Anders als in anderen Staaten Europas, die Napoleon bekämpften,
hat man in Bayern durchaus von der Blüte der "neuen Zeit",
der Ära Napoleons, profitieren können; einschneidende
Reformen wurden eingeführt, wie bspw.: gleichmäßige
Verteilung von Rechten und Pflichten, effizientere Staats-Organisation
und umfassende Integration der alten und neuen Landesteile.
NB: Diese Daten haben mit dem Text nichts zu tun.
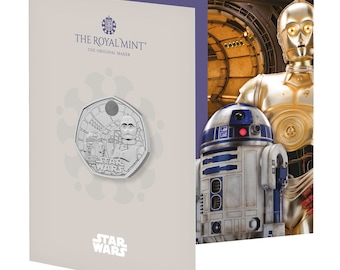 May include: A silver coin featuring R2-D2 and C-3PO from Star Wars. The coin is in a display case with a background image of the characters in a Star Wars setting. The Royal Mint logo and the words "The Original Maker" are printed on the case.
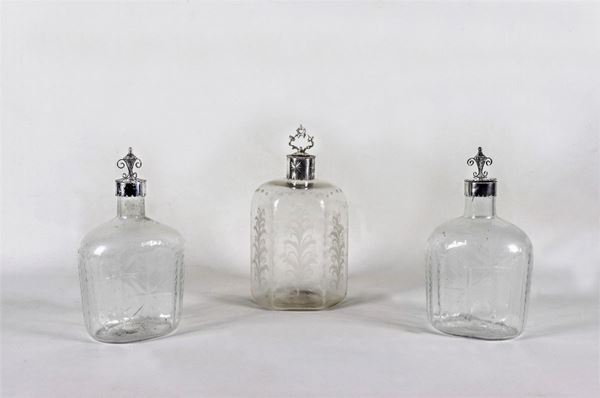 Lot of three small Liberty bottles in blown and engraved glass, necks and caps in silver-plated metal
Bayern
ist heute eines der ältesten Bundes-Länder; ja sieht sich
heute als "einziges deutsches Bundesland, das über so
ungebrochene Traditionen verfügt". In Bayern steht das
Jahr 2006 ganz im Zeichen der "Krone".
Am Morgen des 1. Januar 1806 versammelte sich eine kleine Gruppe
von Würdenträgern des Kurfürstentums Bayern in der
Münchener Residenz zu einem kurzen Staatsakt: Der seit
wenigen Jahren herrschende Kurfürst aus einer Nebenlinie der
Wittelsbacher hatte sich entschlossen, den Königstitel von
Napoleons Gnaden anzunehmen und damit die Unabhängigkeit Bayerns
zu begründen.
Die bayerischen Kurfürsten hatten schon seit längerem
eine Rangerhöhung angestrebt, vor allem seit die sächsischen
Kurfürsten 1697 die polnische Königskrone, die brandenburgischen
Kurfürsten 1701 die Königswürde für Preußen
und das Haus Hannover 1714 die englische Krone erhalten hatten.
Bayern hatte sich 1805 mit dem erst kurz vorher (im Dezember 1804)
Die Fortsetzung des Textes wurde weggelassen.